═══ INPUT MATERIAL ═══
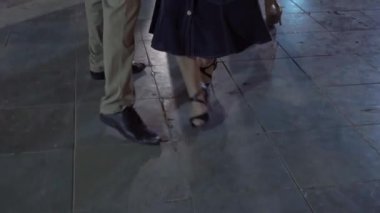 On the street in the park people dance tango. Close-up of the legs. High quality 4k footage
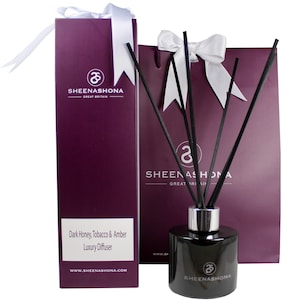 Puede incluir: Una botella difusora de vidrio negro con una tapa plateada y cañas negras. La botella está etiquetada con "Dark Honey, Tobacco & Amber Luxury Diffuser" y "Sheenashona Great Britain". La botella está empaquetada en una bolsa de regalo morada con una cinta blanca.
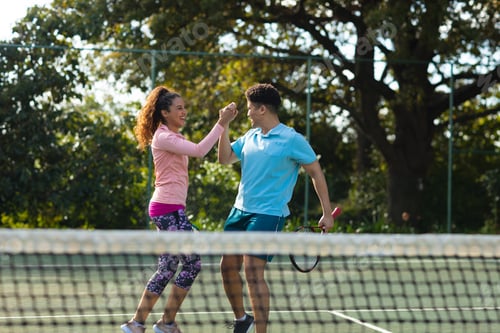 Preview: Smiling biracial couple playing tennis shaking hands on outdoor tennis court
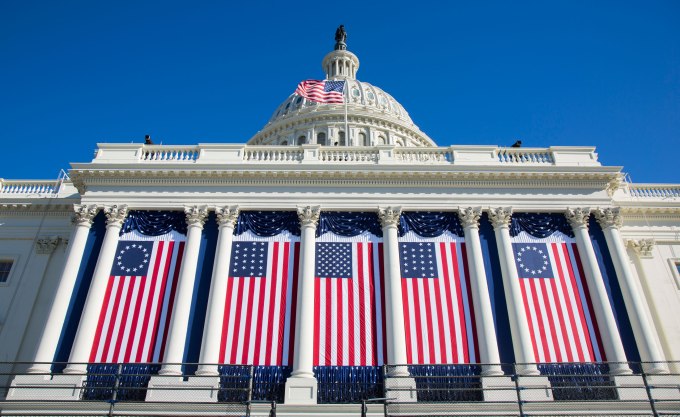American flags hang at the United States Capitol, in preparation for President Obama's second term inauguration ceremony in Washington, DC. (Photo by Brooks Kraft LLC/Corbis via Getty Images)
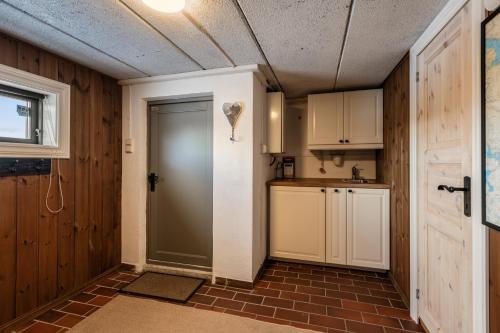 une cuisine avec une porte menant à une cuisine avec un comptoir dans l'établissement Large cabin with spectacular views in Geilo, à Geilo
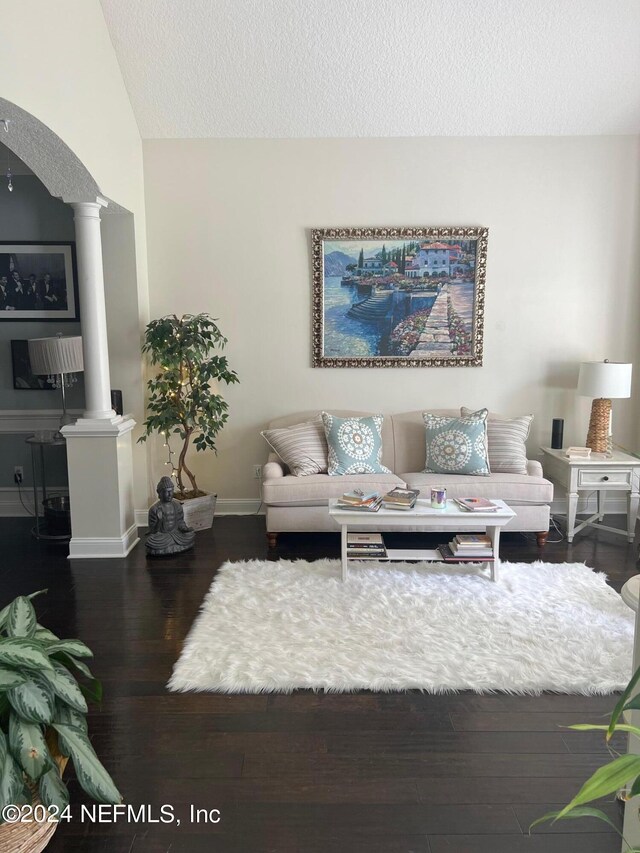 living room featuring a textured ceiling, dark wood-type flooring, decorative columns, and lofted ceiling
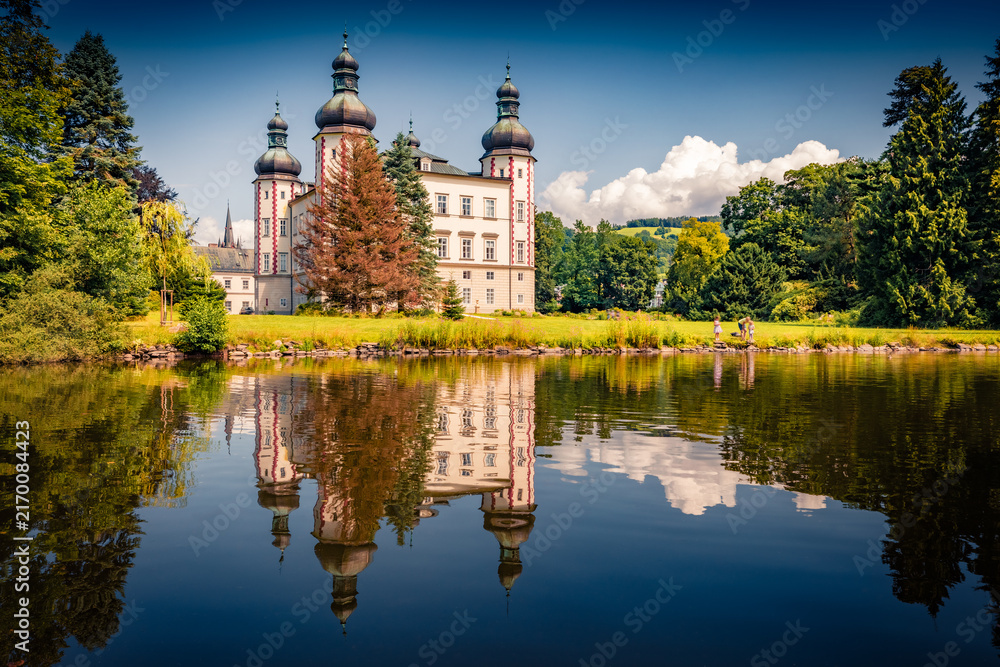 Naklejka premium Vrchlabsky castle reflected in the calm waters of old pond. Sunny summer cityscape of Vrchlabi town, Trutnov District, Hradec Kralove Region of Czech Republic, Europe. Traveling concept background.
═══
- [AIM OF THE EXERCISE]
Copy exactly what appears in the entries, beginning with the first line and ending with the line that has "Preview: Smiling biracial", but not the pictures.

- [RESULT OF THIS TASK]
 On the street in the park people dance tango. Close-up of the legs. High quality 4k footage
 Puede incluir: Una botella difusora de vidrio negro con una tapa plateada y cañas negras. La botella está etiquetada con "Dark Honey, Tobacco & Amber Luxury Diffuser" y "Sheenashona Great Britain". La botella está empaquetada en una bolsa de regalo morada con una cinta blanca.
 Preview: Smiling biracial couple playing tennis shaking hands on outdoor tennis court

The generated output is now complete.